----- GIVEN ENTRIES

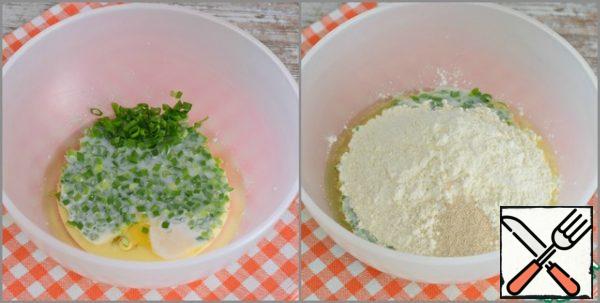 In warm milk drive egg (C0), pour corn (sunflower, olive) oil, add finely chopped green onions.
Sift flour, mix with salt, sugar and yeast.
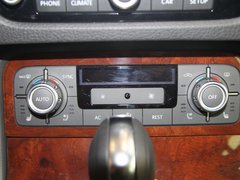 2011款 V6 TSI 豪华型 5座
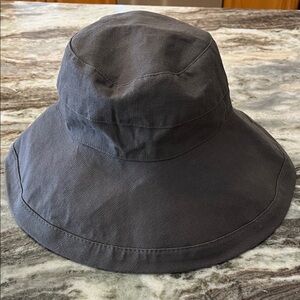 Scala GREY Textured Hat. LIKE NEW. SMALL MEDIUM fit. Sunshade. Cotton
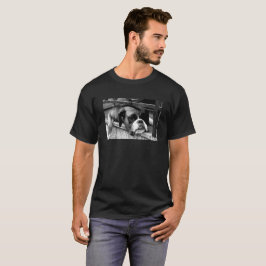 T-shirt Chien de boxe sur Windowsill mccna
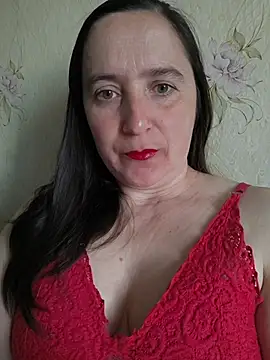 Snapshot of EvelinCutex chatting on 04-28-26, 05:45 EvelinCutex online show from 04-28-26, 05:45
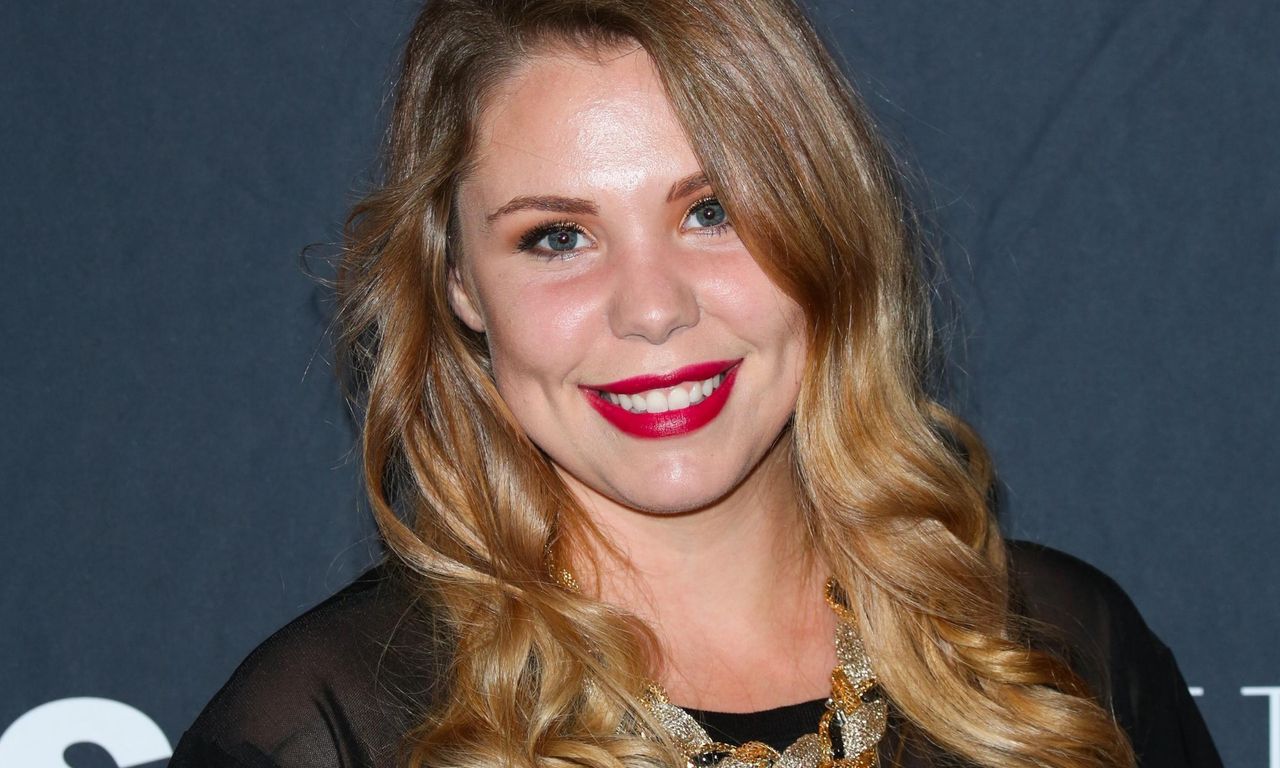 Kailyn Lowry, gwiazda programu "Nastoletnie matki," wypiła koktajl z łożyska. Doświadczeniem podzieliła się na swoim profilu na Instagramie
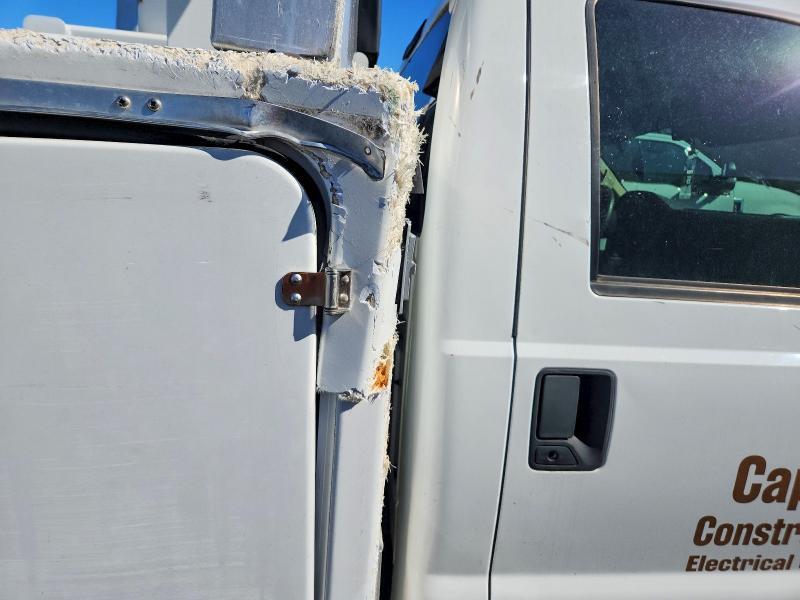 2008 Ford F350 Super Duty Bucket Truck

----------

# PROBLEM REQUIREMENTS:
With pictures left out, repeat exactly the lines from the line bearing "Snapshot of EvelinCutex" through the final line of the records above.

# RESPONSE BOX:
 Snapshot of EvelinCutex chatting on 04-28-26, 05:45 EvelinCutex online show from 04-28-26, 05:45
 Kailyn Lowry, gwiazda programu "Nastoletnie matki," wypiła koktajl z łożyska. Doświadczeniem podzieliła się na swoim profilu na Instagramie
 2008 Ford F350 Super Duty Bucket Truck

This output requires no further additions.